David zegt dat goddeloze en dwaze mensen in hun hart zeggen dat er geen God is. Psalm 14:1; 53:1 Dat slaat vooral op hen die het licht van de natuur verstikken en zichzelf opzettelijk dom houden, zoals we zo meteen zullen zien. We zien velen die zo verhard zijn in het zondigen, dat ze verwoed proberen elke herinnering aan God uit te bannen. Maar die herinnering wordt hun vanzelf ingegeven door hun natuurlijk gevoel.
David wil duidelijk laten uitkomen hoe verwerpelijk hun razernij is en daarom zegt hij kortweg dat ze ontkennen dat er een God is. Niet dat zij zijn bestaan daadwerkelijk ontkennen, maar ze beroven Hem van zijn oordeel en voorzienigheid en sluiten Hem op in de hemel als een God die passief is. Maar niets past zo slecht bij Gods aard als dat Hij het bestuur van de wereld zou neerleggen en aan het toeval zou overlaten, alsof Hij blind zou zijn voor de misdaden van de mensen, zodat ze ongestraft hun lusten kunnen botvieren. Ieder die de vrees voor het hemelse oordeel uitdooft en onbekommerd aan zijn eigen begeerten toegeeft, leeft dus alsof God niet bestaat.
Gods rechtvaardige straf is dan dat Hij hun hart met vet omhult. De goddelozen hebben eerst zelf hun ogen gesloten, maar nu zien ze zelfs met open ogen niets meer. Jesaja 6:9-10; Mattheüs 13:13-15 David legt zelf het beste uit dat hij dit bedoelt, als hij ergens anders zegt dat de ogen van de goddelozen geen ontzag hebben voor God.

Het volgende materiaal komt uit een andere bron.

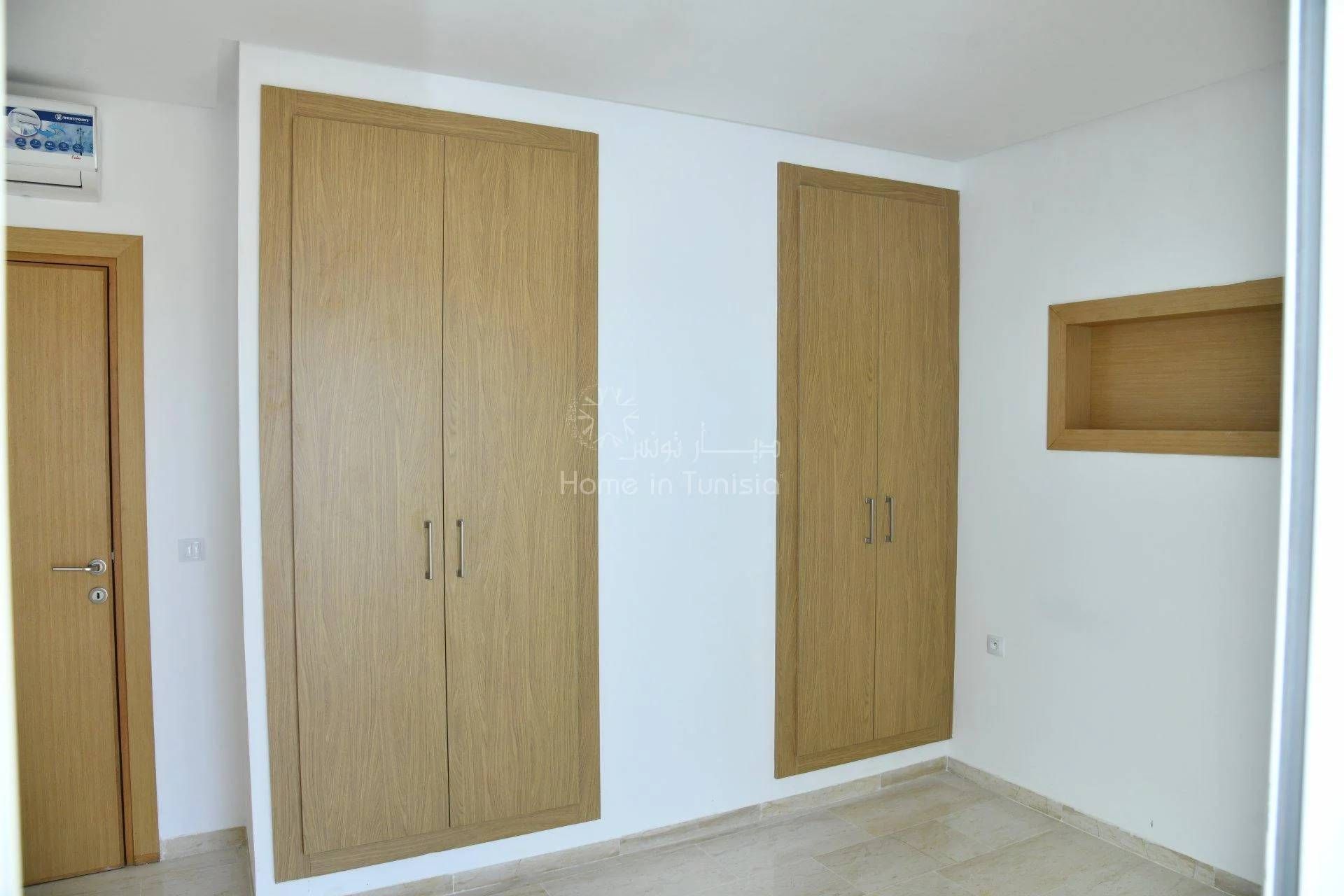 Condominium in Sousse, Sousse 11286966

Psalm 36:2 En dat zij in hun wandaden zichzelf trots toejuichen, omdat ze zich wijsmaken dat God het niet ziet. Psalm 10:11
Al moeten ze dus erkennen dat er een God is, ze maken zijn glorie zonder betekenis, door Hem van zijn macht te beroven. Paulus getuigt dat God zichzelf niet kan verloochenen, omdat Hij zichzelf altijd gelijk blijft. 2 Timotheüs 2:13 Daarom kunnen we terecht van hen zeggen dat zij God loochenen door een dode en nutteloze afgod van Hem te maken.
Daarbij moeten we nog dit opmerken: in hun strijd om God uit hun eigen bewustzijn en zelfs uit de hemel te stoten, raken ze toch nooit zover afgestompt, of God trekt hen soms terug tot voor zijn rechterstoel. Maar ze laten zich door geen enkele vrees weerhouden om heftig tegen God te keer te gaan. Daarom staat vast: zolang ze door deze blinde drift worden meegesleurd, worden ze beheerst door een dwaas vergeten van God.